Jolly : J'écoutais Elvis Presley, Rick Nelson, Connie Francis, Bill Haley et quelques autres. J'ai entendu pas mal de disques de blues des années 50, mais la première fois que j'ai entendu du vrai blues, c'était en 1974. Ma grand-mère m'avait donné de l'argent pour m'acheter Waterloo par Abba, après le concours de l'Eurovision. Il m'est resté approximativement l'équivalent de 2 Euros après cet achat et j'ai cherché quelques cassettes pas chères. J'en ai attrapé une qui avait une belle jaquette, c'était Muddy Waters Live At Mr. Kelly's, de 1973. Le reste c'est de l'histoire, j'étais accro !
Y a-t-il un musicien ou un groupe qui vous ait impressionné en particulier et si vous deviez citer 3 ou 4 musiciens qui vont ont influencé, quels seraient-ils ?
Moe : Quand j'étais jeune, j'écoutais principalement des artistes Américains, mais quand le rock anglais est arrivé en 1963-64, mes groupes favoris étaient les Pretty Things, les Stones, les Animals et les Them avec Van Morrison. Quant aux influences, je dirais Ry Cooder, Alvin Youngblood Hart, Son House, Randy Newman et beaucoup d'anciens.
Jolly : Ceux qui m'ont impressionné : sans aucun doute, Louis Jordan et Ray Charles et bien entendu Elvis. Pour les influences, je nommerais James Cotton, Elmore James et Albert Ammons.
Quand avez-vous décidé de devenir professionnel ?
Moe : Au début des années 70, j'étais musicien professionnel au sein d'un groupe rock Norvégien qui s'appelait Prudence. Depuis ce temps là, je joue pour le plaisir. Avec Jolly, avant le duo, nous avions un groupe, tendances rock et funky, qui s'appelait Jolly Jumper & the Bluesbusters.
Jolly : Je travaille à plein temps dans la musique depuis une douzaine d'années. J'ai commencé de jouer avec Moe en 1991. Avant je faisais juste des jams. La Norvège est un petit pays de 4,5 millions d'habitants, avec à peu près 80/90 clubs de blues dont seulement 20/ 30 marchent bien actuellement. Il est difficile de vivre de sa musique à plein temps si on ne se situe pas à l'international, sur la scène européenne. La plupart des musiciens ont un autre job. Nous faisons entre 60 et 100 concerts par an.
Comment vous êtes-vous rencontré ?
Moe : Très tard, un soir dans un club de motards, nous avons jammé ensemble, c'était en 1991.

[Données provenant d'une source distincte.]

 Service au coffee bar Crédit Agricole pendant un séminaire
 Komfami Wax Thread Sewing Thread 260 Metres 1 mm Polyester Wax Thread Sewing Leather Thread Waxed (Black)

Jolly : Moe dit vrai, je précise juste qu'il était 5 heures du matin et que c'était après le premier Hell Blues Festival.
Hell Blues festival. Quel nom ! Que signifie Hell en Norvégien ?
Jolly: En vieux norvégien Helle désigne une petite montagne. Tout le périmètre de Hell est bâti sur une petite montagne.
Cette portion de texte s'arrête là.